First samba practice. Picture taken by Dave the Comms manager and the mestre.
It was relatively easy to make a half decent sound and by the end of the one and a half hour session we could play one tune with all the intros and breaks etc... pretty well. I am hoping that after a year of training we should be pretty good. I will try to get a video of us playing in the snow. I think I hurt my left hand banging it on the rim of one of the big drums (surdos apparently). In the picture above we are one the Poop deck banging away with iceberg all around, which you can't see.
Yesterday was also the day that we officially crossed the antarctic circle (66 1/3 degress south). Apparently it used to be a tradition to go and sleep out on deck the first time you crossed the circle (I don't know if this is a myth or not, but apparently its a bit like the crossing the line (equator) ceremony). So three of us, Andy, Alex and I decided to go and sleep up on the monkey island which is on top of the bridge. In order to make ourselves warm we borrowed some P bags. These P (Personal) Bags are sleeping kits for sleeping in pyramid tents in the field and are really warm.
Preparing for bed last night on the monkey island. Alex the data manager demonstrates the equipment. My bed is on the left. The temp is about -2 degrees C and the time was about midnight.
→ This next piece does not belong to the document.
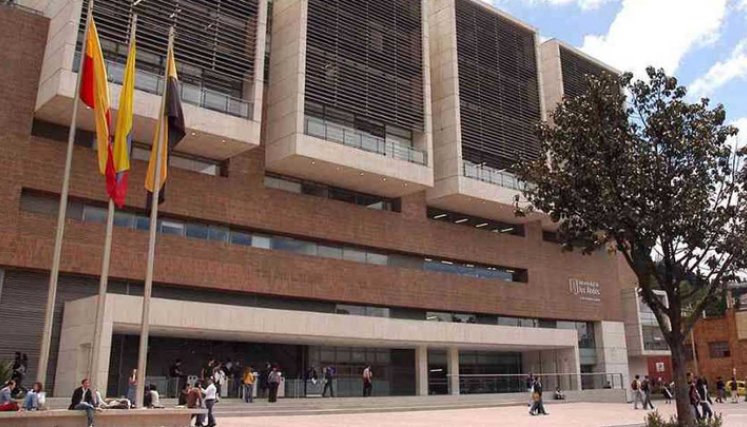 Estas son las mejores universidades de Colombia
In fact last night I was too hot. I didn't get the best nights sleep as I woke up a few times. The first because I was too hot the second because my face was too cold. Then it started snowing but only lightly and not enough to worry about. I finally woke up at about 8.30 and the others had left me all alone.
We started to hit ice again this morning and that didn't help my sleep.
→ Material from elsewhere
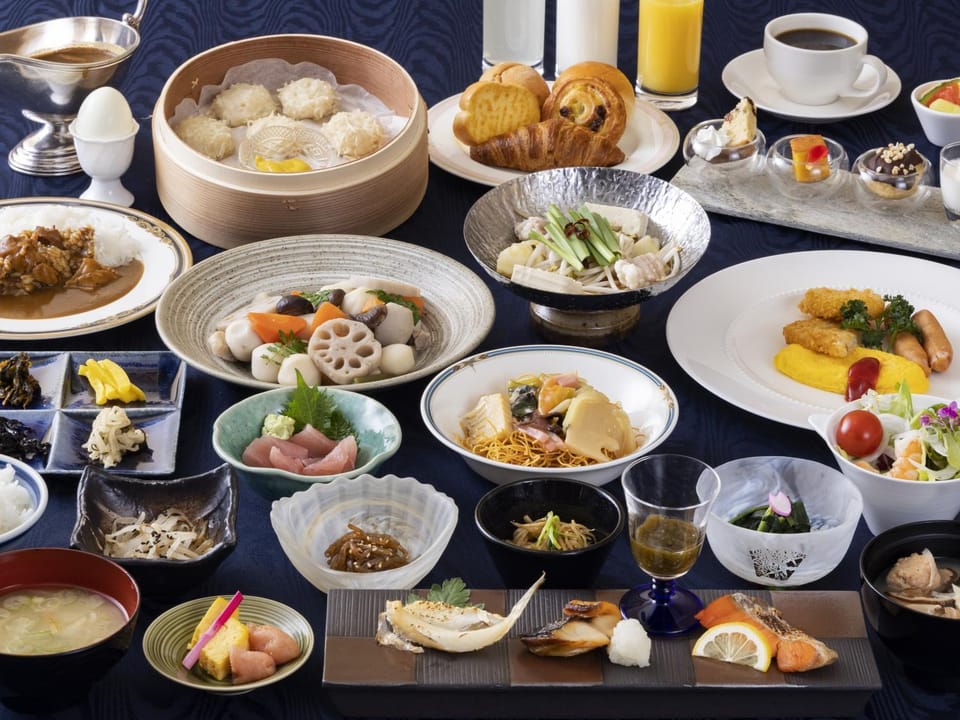 Food and drinks, Food, Breakfast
Our route through the loose pack ice this morning.
The rest of the day was spent getting a relief briefing. This told us what to expect on the sea-ice and all the nasty ways in which me might meet our maker. The sea-ice at the N9 creek is just over 2m thick and they are going to drive bulldozers across it. The sea-ice drivers have to drive with a hatch in the roof and the door open so that they can leap out if the worst happens. There are a lot more details about crevasses. We are also going to be given our jobs and our shift soon. We all split into two 12 hour shifts (8 til 8) . I will probably be working ship side cargo. We also practiced stropping and slinging so that we can safely load the palettes for the cranes.
Tomorrow we will learn about the vehicles, radios and some basic camping stuff incase there is a white out. I will also find out exactly what my job is and which shift I will be on. Once relief starts I will probably be to tired to fill this in, but hopefully I will fill in the gaps later.